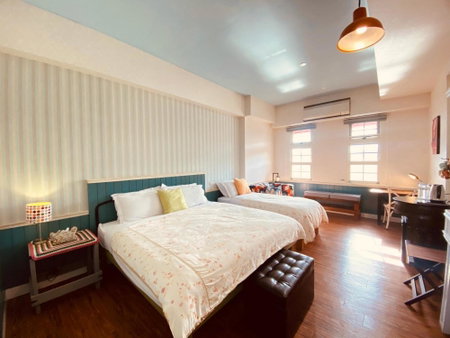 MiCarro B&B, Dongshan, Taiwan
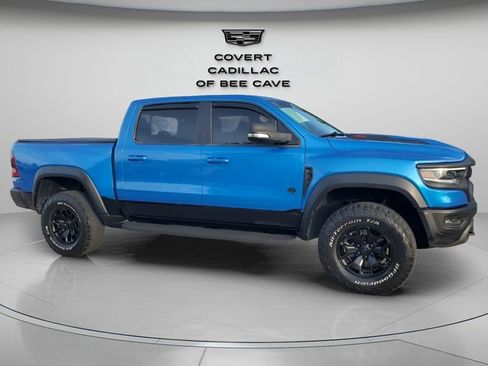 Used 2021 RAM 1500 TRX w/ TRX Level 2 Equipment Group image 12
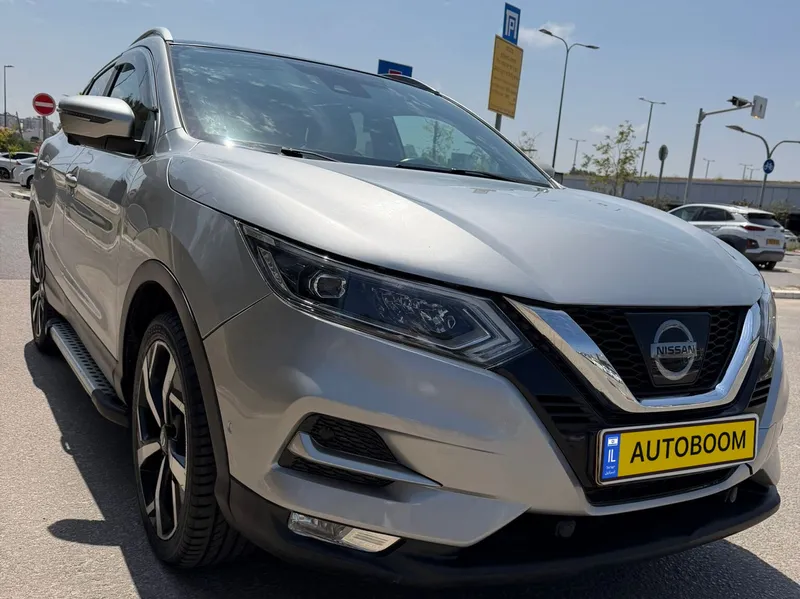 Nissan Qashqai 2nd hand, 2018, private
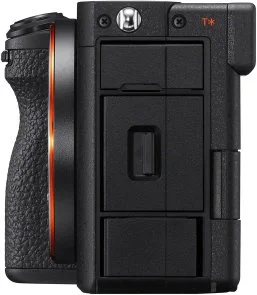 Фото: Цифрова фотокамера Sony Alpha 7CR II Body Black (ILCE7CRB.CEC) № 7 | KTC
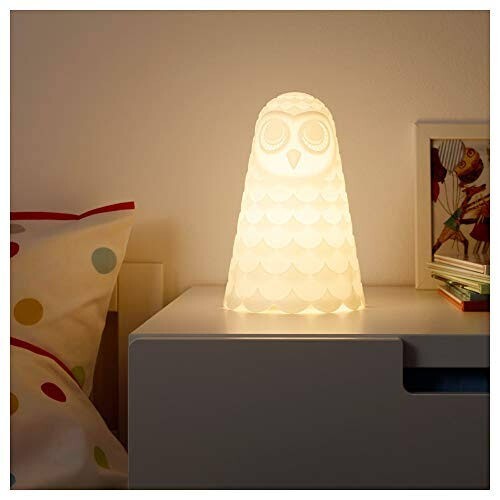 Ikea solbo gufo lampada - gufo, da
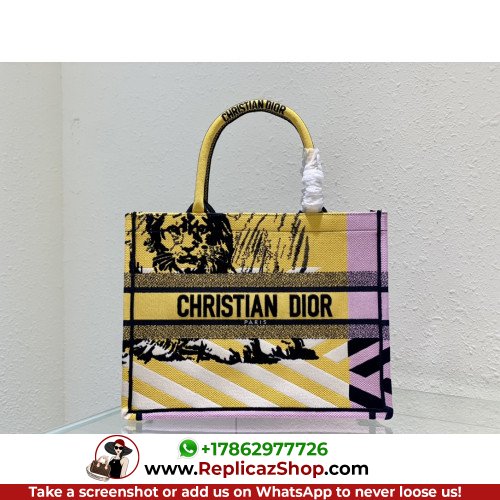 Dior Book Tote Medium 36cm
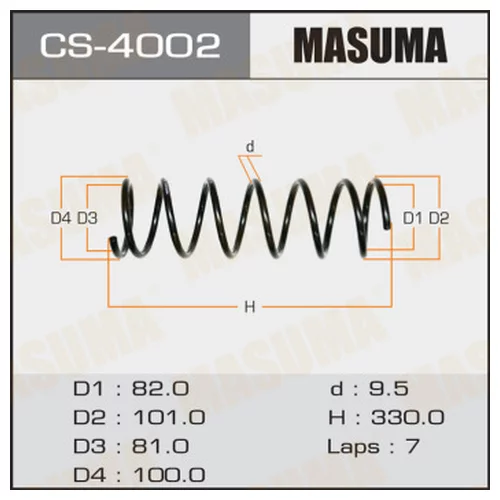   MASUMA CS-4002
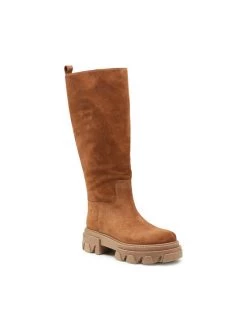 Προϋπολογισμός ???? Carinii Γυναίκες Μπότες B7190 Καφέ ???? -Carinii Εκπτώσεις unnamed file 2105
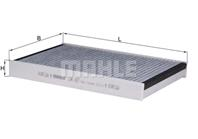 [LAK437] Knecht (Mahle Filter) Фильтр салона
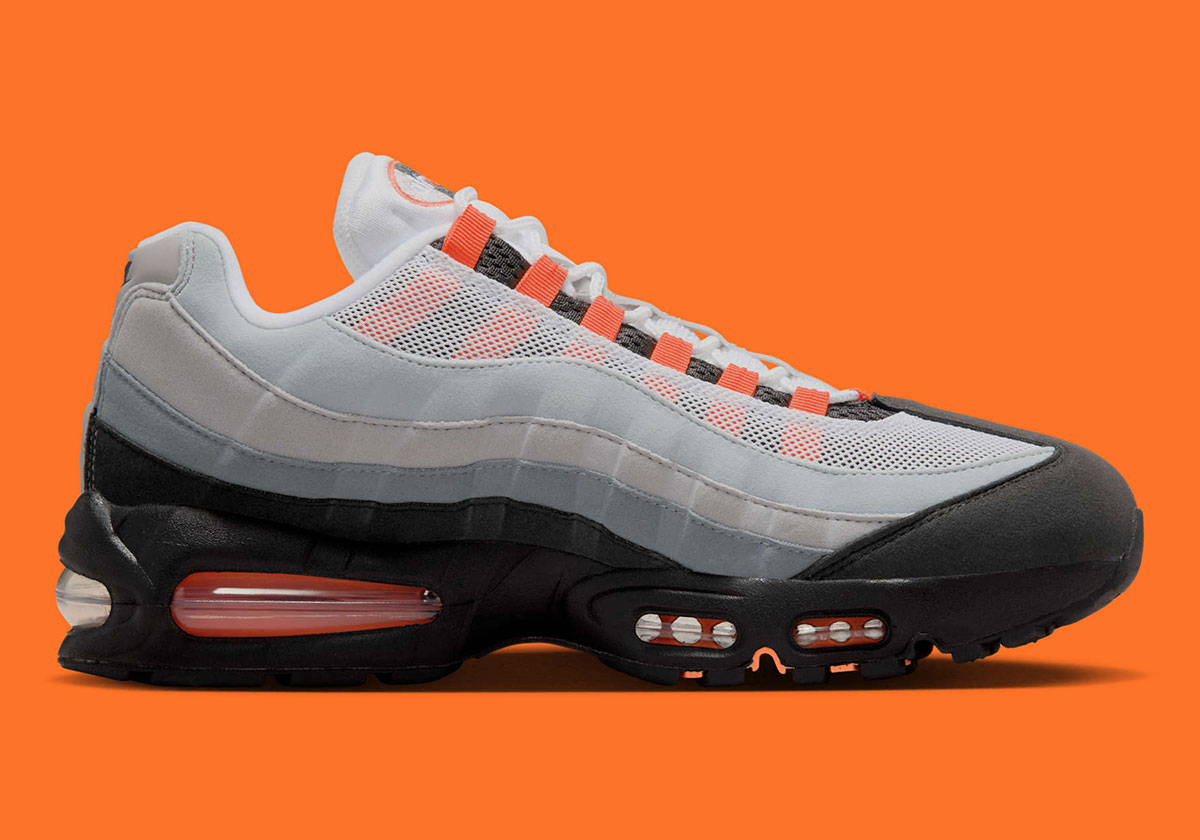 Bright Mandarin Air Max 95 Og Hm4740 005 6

• Work request
Your copy should hold every record word for word and none of the pictures.

• Result of this exercise
 MiCarro B&B, Dongshan, Taiwan
 Used 2021 RAM 1500 TRX w/ TRX Level 2 Equipment Group image 12
 Nissan Qashqai 2nd hand, 2018, private
 Фото: Цифрова фотокамера Sony Alpha 7CR II Body Black (ILCE7CRB.CEC) № 7 | KTC
 Ikea solbo gufo lampada - gufo, da
 Dior Book Tote Medium 36cm
   MASUMA CS-4002
 Προϋπολογισμός ???? Carinii Γυναίκες Μπότες B7190 Καφέ ???? -Carinii Εκπτώσεις unnamed file 2105
 [LAK437] Knecht (Mahle Filter) Фильтр салона
 Bright Mandarin Air Max 95 Og Hm4740 005 6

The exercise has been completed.